The company approaches its offshore markets in one of three ways – with a Trilogy office, through a direct sales relationship with a retailer, or through a distributor.

Trilogy employs 27 full time staff in Wellington, Melbourne and London. The brand generates over $4 million worth of media coverage a year and has won numerous prestigious beauty awards.

A subscriber base of 35,000 contacts, 69 percent of which are overseas, allows the company to communicate with its customers and fans directly, wherever in the world they might be.

Triodent

 

Katikati-based innovator Triodent exports its unique designs to dentists in more than 60 countries.

Triodent conceives, designs and manufactures low-cost, high-margin products that solve everyday dental problems.

Founder and Chief Executive Dr Simon McDonald is himself a dentist and the catalyst for much of Triodent’s growth is the V3 Sectional Matrix System he developed.

A breakthrough product with several original design features, the V3 is a combination of instruments which are used to assist with difficult restorations in the back of the mouth. The system is considered the gold standard for its category, eliciting remarkably emotive responses from satisfied users, and has attracted a haul of international awards.

Other clever and original designs have followed the V3 and, with many more under development, Triodent is considered a leading industry innovator.

Established in 2003 in the Bay of Plenty town of Katikati, Triodent is a wholly-owned New Zealand company with 120 staff and sales in more than 60 countries.

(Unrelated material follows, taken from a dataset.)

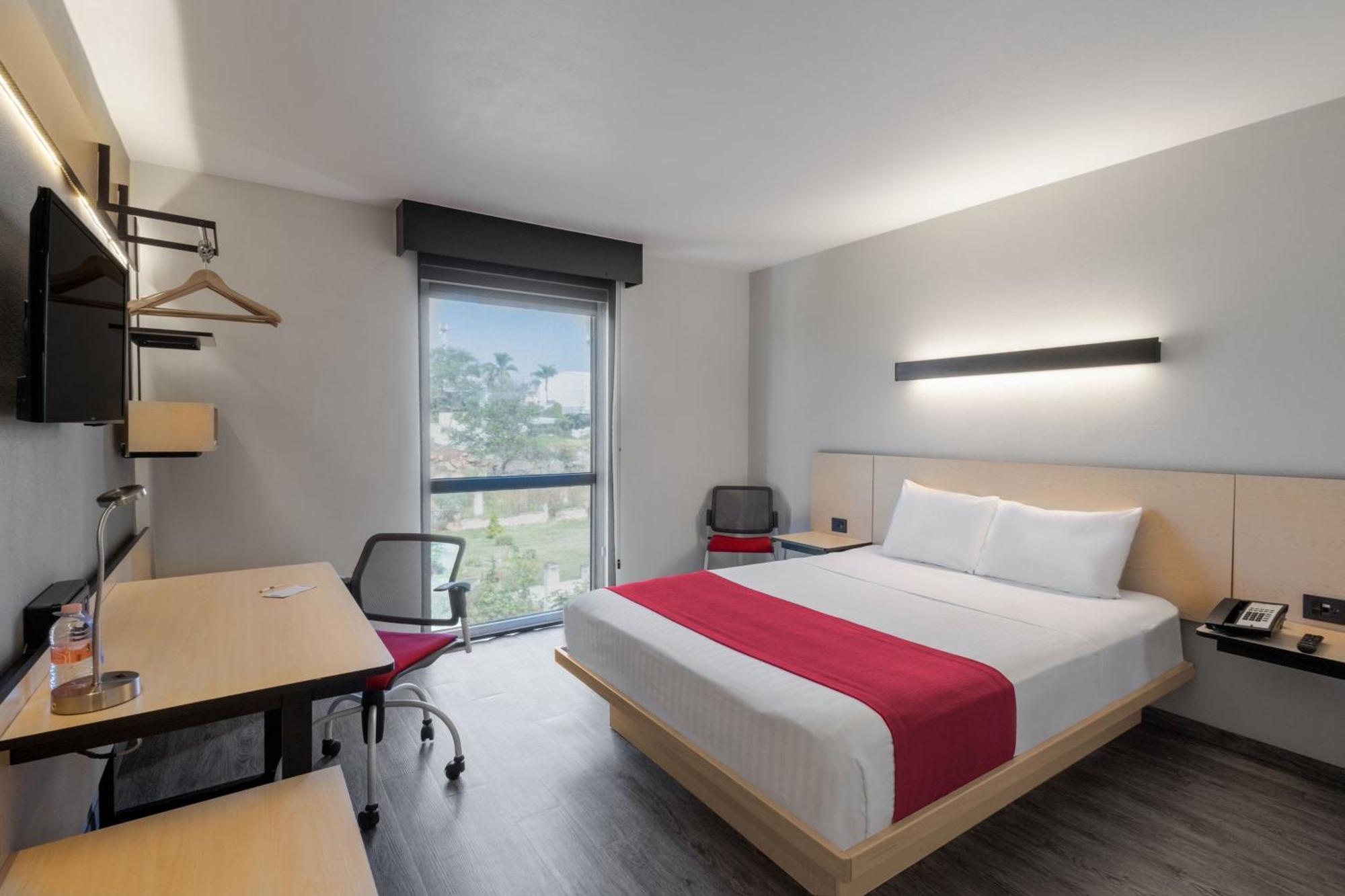 City Express By Marriott Guadalajara Aeropuerto Las Pintas Exterior photo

Revenue in 2011 was $14.5 million, of which $13.6 million was earned offshore. The company’s aim is to be a $200 million company in five years.

Triodent’s main focus is the United States, which accounts for half of all revenue. It has about 12,000 direct US customers – about 10 percent of the potential market.

 “We put great store in building meaningful and long-term relationships with our customers, with our distributors, with dental schools and key opinion leaders, but all the professionalism in the world will not help a poorly-designed product, so we also focus heavily on research and development to constantly improve our products, stay ahead of the competition and develop new products.”

Vista Entertainment Solutions

 

Cinema software supplier Vista Entertainment Solutions is an established force in some of the world’s most competitive cinema environments.

Vista Entertainment Solutions is already the largest supplier of cinema ticketing and site management software in the world. But the successful Auckland company is unlikely to stop there.

Chief Executive Murray Holdaway says he can see opportunities to adapt the company’s software product to serve entertainment industries worldwide.

“We will use our success in the cinema industry to provide the base to move into the small cinema market (cinema companies owning fewer than 20 screens), related entertainment verticals and other sectors where our fast food service and other functions have market application.”

From its New Zealand base, Vista operates a sophisticated network of nine strategically-located offices and resellers. It is the dominant supplier in Australasia, Asia, India, Central and South America and Canada. In the market of cinema companies owning 20 screens or more Vista’s global market share is around 20percent. It dominates some territories with Mexico at 97 percent.

Vista’s software is now installed in 52 countries. The company has an aggressive software development and enhancement program, through which users receive new functionality on a monthly basis.

Turnover increased from $7 million in 2007 to $24.1 million in 2010, the company’s installed base grew from 566 to 1,742 cinema sites, and staff numbers have grown from 27 to 83. In 2011, 83 percent of the company’s revenue was earned overseas.

 “Our reputation as ‘good people to do business with’ and ‘caring about service’ has been a critical element in our success. We have been very careful to ensure our key staff who front the company all have this culture.

“This has been helped by the fact that over time most of these people have become shareholders and have a vested interest in the success of the business,” Mr Holdaway says.